Beginning with the line that holds "SquarePie Sequin Backdrop", write out each line exactly as it stands until the end of the data, and include no pictures.

+++ Given data

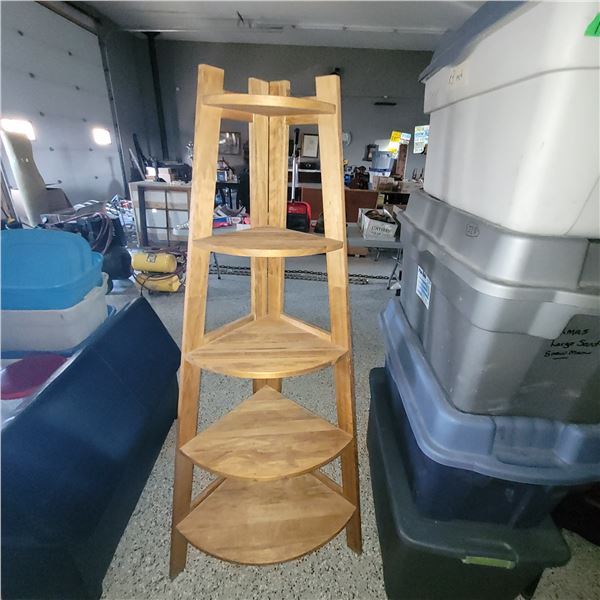 5 Shelf Wooden Corner Stand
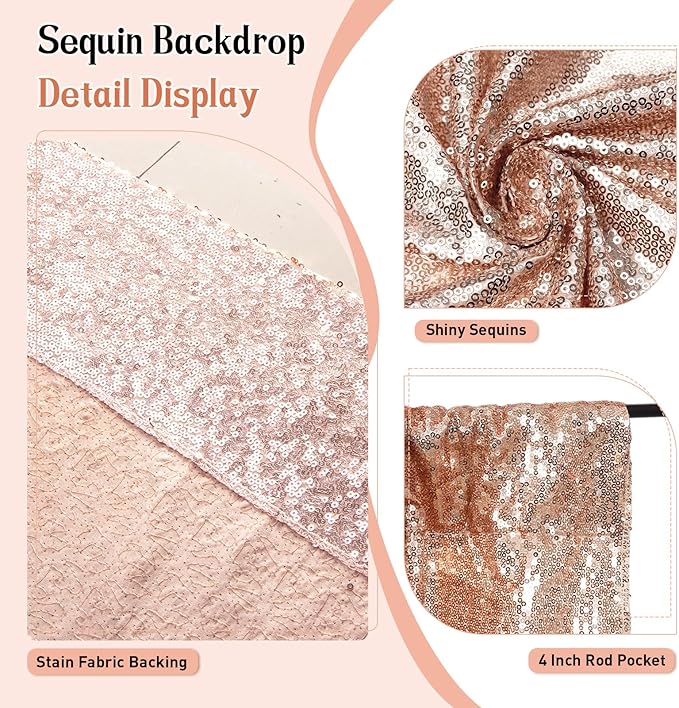 SquarePie Sequin Backdrop Curtain Not See Through Thick Background - Image 3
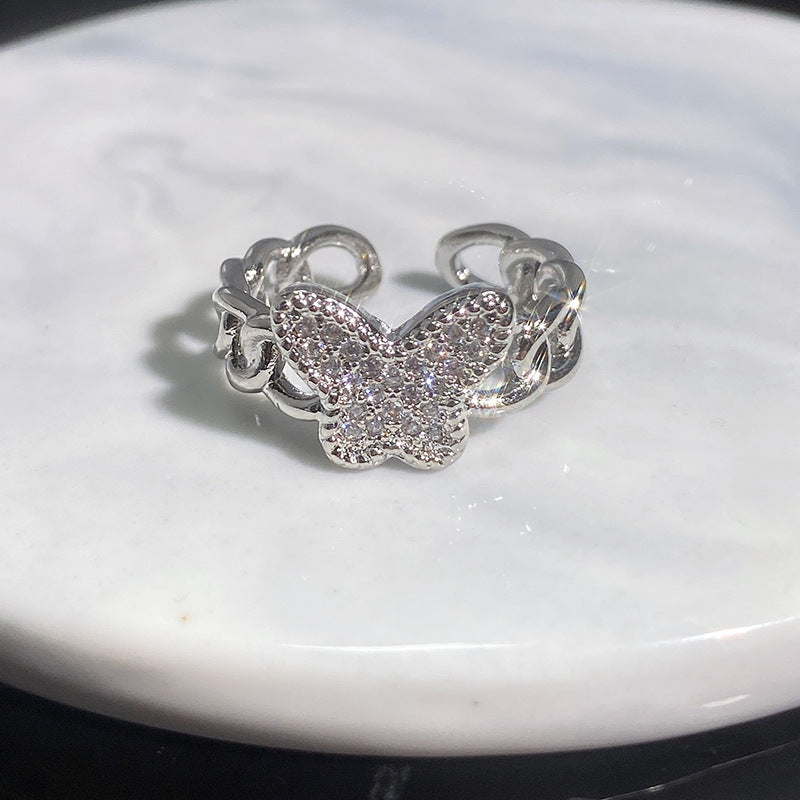 Oil Painting Butterfly Twigs Drop Enamel Color Rings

++++++

Task answer ▸
 SquarePie Sequin Backdrop Curtain Not See Through Thick Background - Image 3
 Oil Painting Butterfly Twigs Drop Enamel Color Rings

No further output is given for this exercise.